Kanavas rips Doyle for “taxing Internet”

Kanavas rips Doyle for “taxing Internet”

Brookfield, Wis. State Senator Ted Kanavas, R-Brookfield, continues to maintain that Gov. Jim Doyle is defying a federal law to suspend taxation on Internet access, but a spokeswoman in the state Department of Revenue said the state is in compliance with the law.
Kanavas said Doyle has ignored a federal law, known as the Internet Nondiscrimination Act of 2004. According to Kanavas, the law is designed to protect Internet users from being taxed for “simply logging onto the Internet,” and gave Wisconsin until Nov. 1, 2006, to suspend taxation of Internet access.
Audra Brennan, executive assistant to Michael L. Morgan, secretary of the Department of Revenue, said the tax has not been suspended because Wisconsin is one of the states that is grandfathered out of the Internet Nondiscrimination Act.
Kanavas, however, said that is in dispute, and that Doyle defiantly continues to collect nearly $30 million dollars in taxes from everyday Internet users and businesses.
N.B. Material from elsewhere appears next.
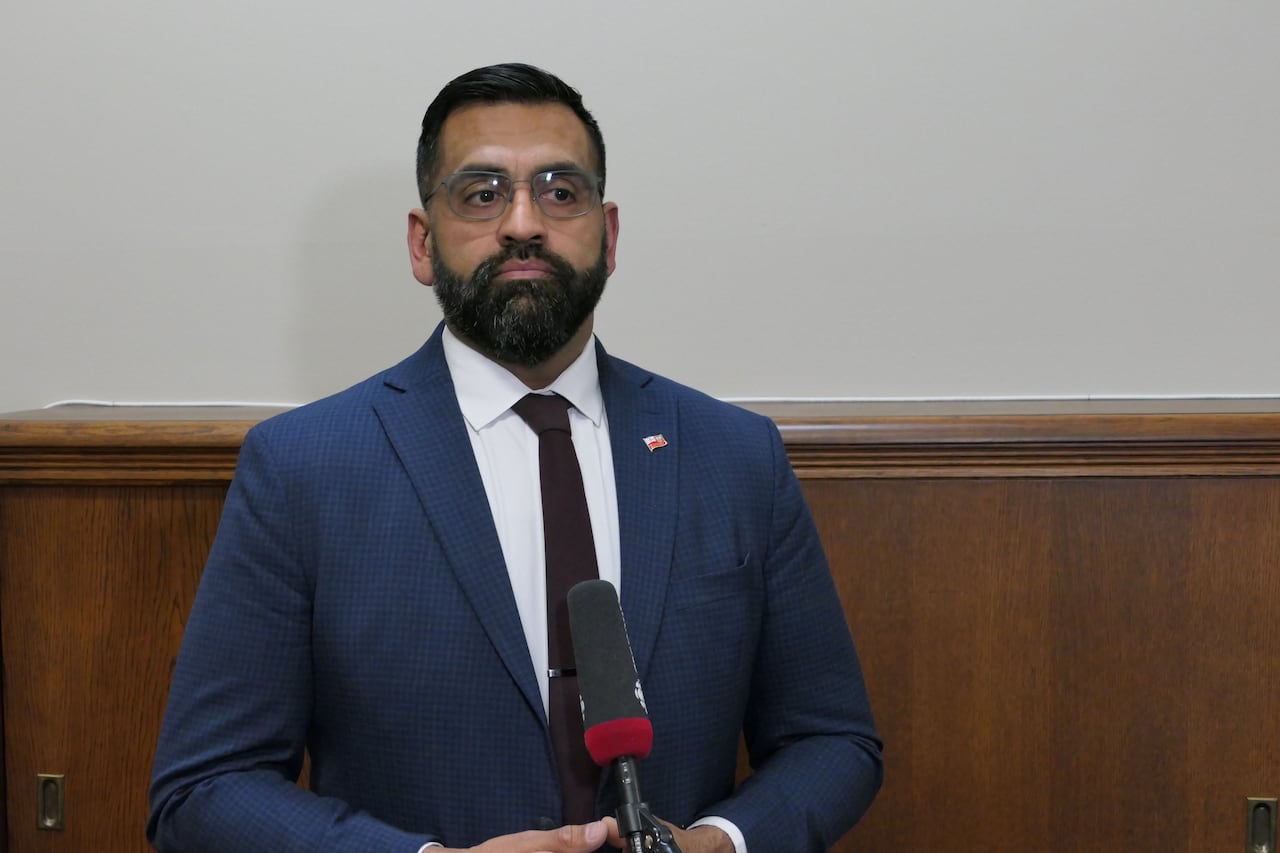 A man in a blue suit speaks into a microphone.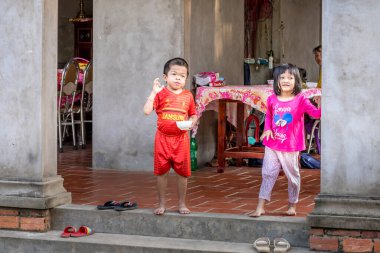Mang Thit, Vinh Long / Vietnam - 4 Mart 2019: Mekong Deltası yakınlarında turistlere el sallayan iki oyuncu çocuk.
At the time the bill was passed, Kanavas said only eight other states taxed Internet users, indicating low support for what he called a scheme that would inhibit small business and economic growth.
He said Doyle can stop collecting the tax, but refuses to do so. “They are collecting the tax, and it’s hurting the technology industry and it’s hurting Wisconsin,” Kanavas said. “You can’t be in the position of trying to incent something and also be taxing it.”
Brennan said the federal legislation contains a grandfather clause for states that already had a law in place to tax Internet access. She said the clause applies to states that enacted the tax before Oct. 1, 1991, and Wisconsin’s Internet access tax was enacted on Aug. 8, 1991. That was during the administration of former Gov. Tommy Thompson, a Republican.
Attempts to contact Governor’ Doyle’s office were unsuccessful.